Microsoft  included support for web fonts in Internet Explorer 4.0 in September, 1997 but it was not successful. They used a proprietary font format called Embedded Open Type (EOT). Other browsers did not support EOT, the tools for coverting fonts to EOT were problematic, and font vendors didn't want to allow these conversions.

Working draft 2 of the CSS Fonts Module was completed in August, 2002, but the first browser to implement web fonts was Mozilla Firefox 3.5 in June, 2009. Firefox supported web fonts in SVG and TTF formats, but not EOT. Other browsers followed suit including Google Chrome and Apple Safari, but Microsoft did not.

Now there were problems with web font formats. Internet Explorer required EOT format. SVG format lacked hinting, so the fonts didn't always look good on screen. Finally, font vendors did not want to allow their TTF fonts to be used as web fonts, because it makes them very easy to steal.
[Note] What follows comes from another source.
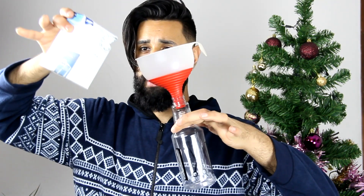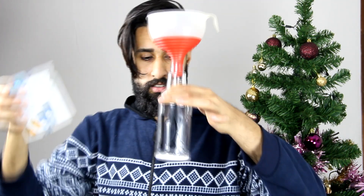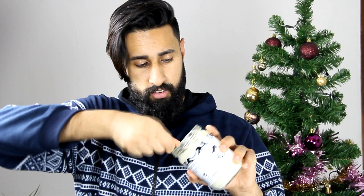First thing, let's get that nozzle off. I'm going to use a funnel because it's just going to be easier. Pour in a little bit of sea salt — about that much. It's not too much, just a little bit. Then a little teaspoon of coconut oil, about that much, so that's going in there.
In April, 2010, Mozilla, Opera Software, and Microsoft submitted specifications for a new format for web fonts called Web Open Font Format which is now supported by all major browsers, including Firefox 3.6, Chrome 6, Opera 11, Safari 5.1, and Internet Explorer 9. This means that all current major browsers support WOFF, though in practice you have to provide EOT fonts as well, for users of Internet Explorer 7 and 8.

Rubicon adds web fonts in WOFF and EOT formats

Rubicon font sets are now available in WOFF and EOT web font formats. The cost is US$12 per font set, which includes both formats and a web hosting licence for a single domain or intranet. We do not licence our fonts in desktop font formats for use as web fonts.

Support for web fonts among various browsers is not uniform, but most browsers support either WOFF or EOT. By including both formats on your web site, you can create web pages that incorporate custom web fonts and are compatible with most browsers.
Digital font technologies are used in print, on screen, and over the web

Computers use digital font technologies in three different ways as described below. This helps users share textual information. Custom fonts that are not built in to operating systems and devices need to be added and shared.

In Print. Users print their documents and share the printed copies. Custom fonts are installed only on the author's computer.

On Screen. Users read and share electronic documents on-screen, with printing as an option. Custom fonts are installed on the author's computer and also embedded in the documents. Document formats that support font embedding include Microsoft Word and Adobe Acrobat.

Over the web. Users browse web pages 0n-screen, with printing as an option. Custom fonts are installed on the author's computer and also hosted on internet as web fonts.